Data entries
^^^^
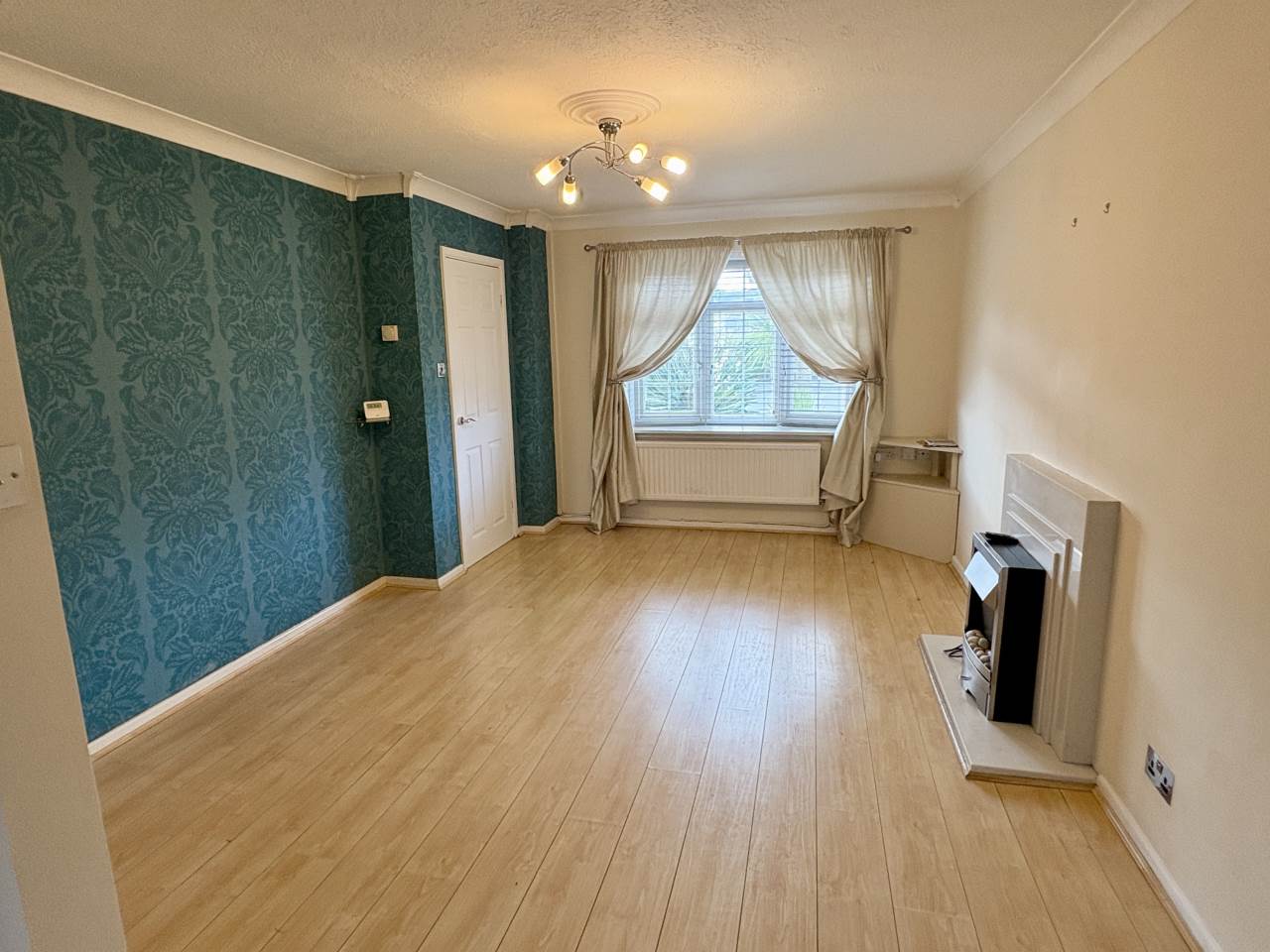 3 bed semi-detached house to rent in Fox Hollows, Brackla 1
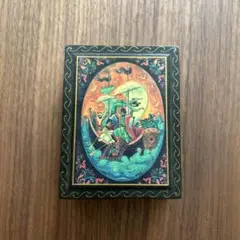 ロシア絵画　木製小物入れ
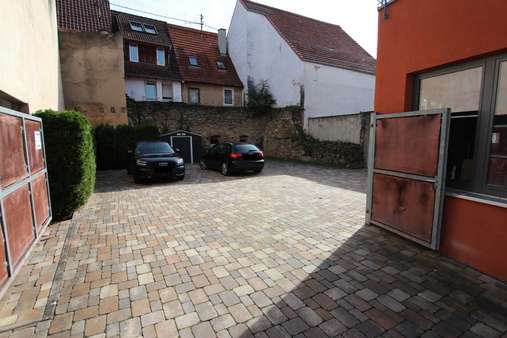 Stellplätze Stellplätze - Mehrfamilienhaus in 75015 Bretten mit 380m² kaufen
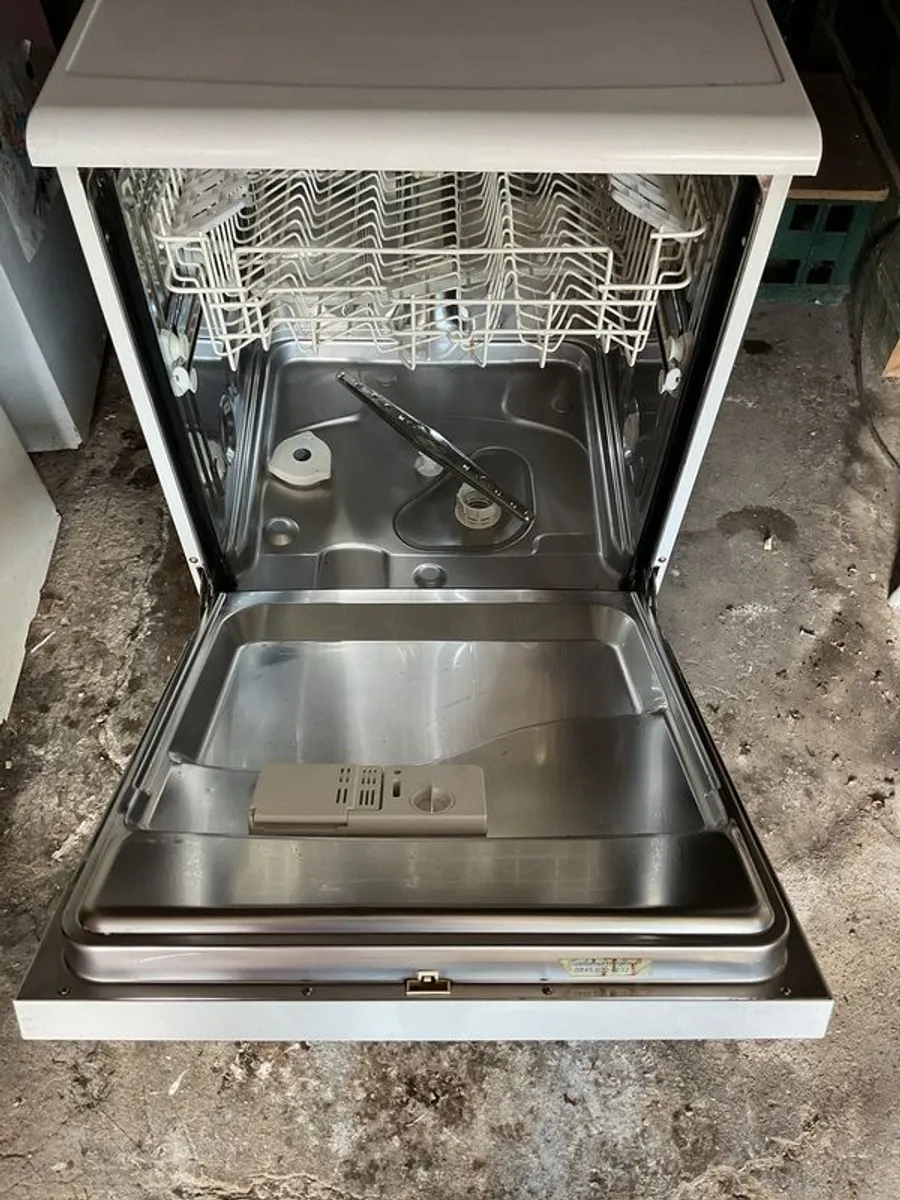 Dishwasher - Image 1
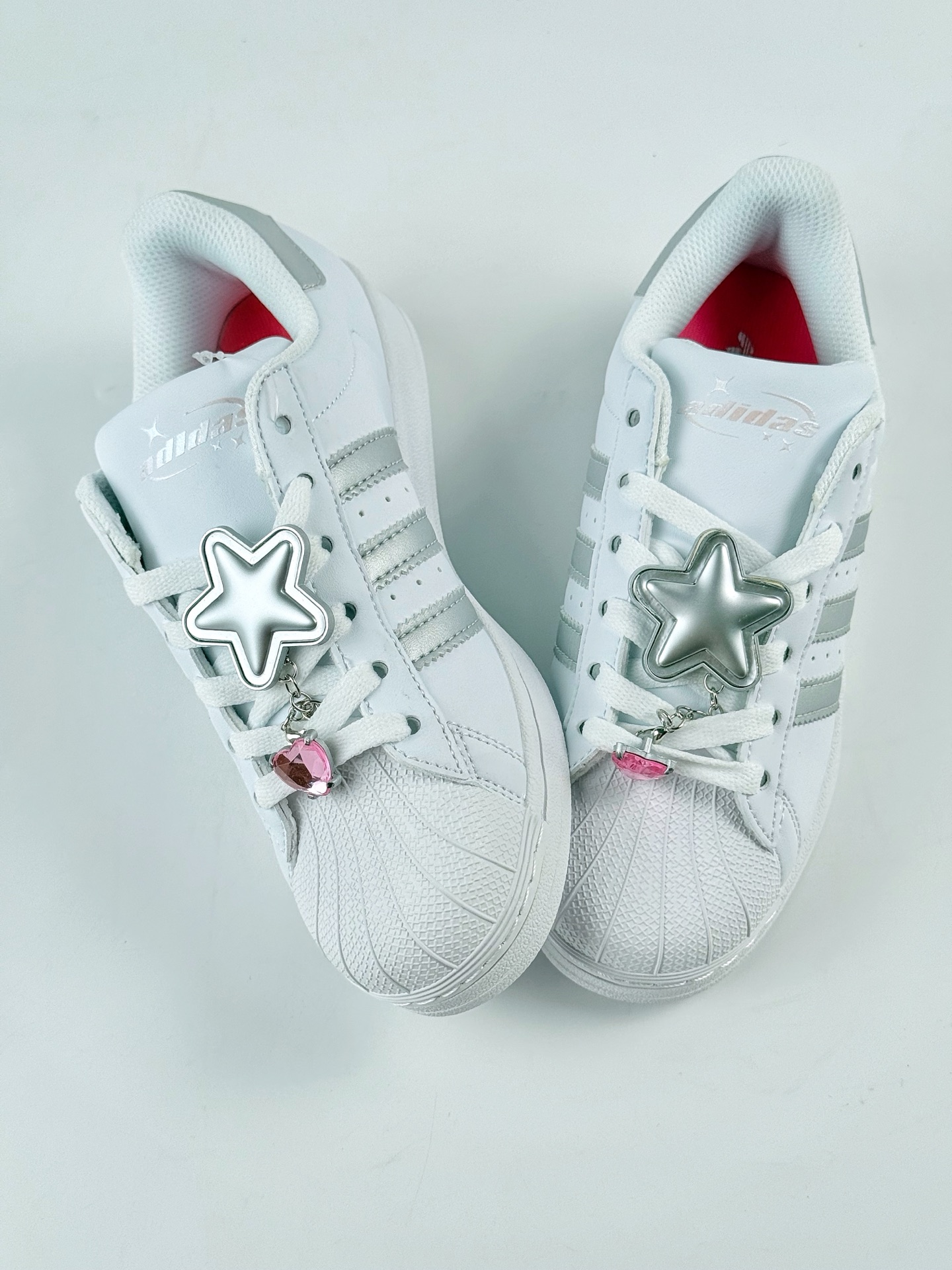 AD Originals Superstar W 贝壳头 白银  JQ8777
^^^^
Exercise goal:
Skip all pictures. Copy exactly the lines from the one containing "Dishwasher - Image 1" through the end of the records, both ends included.

Answer for this exercise:
 Dishwasher - Image 1
 AD Originals Superstar W 贝壳头 白银  JQ8777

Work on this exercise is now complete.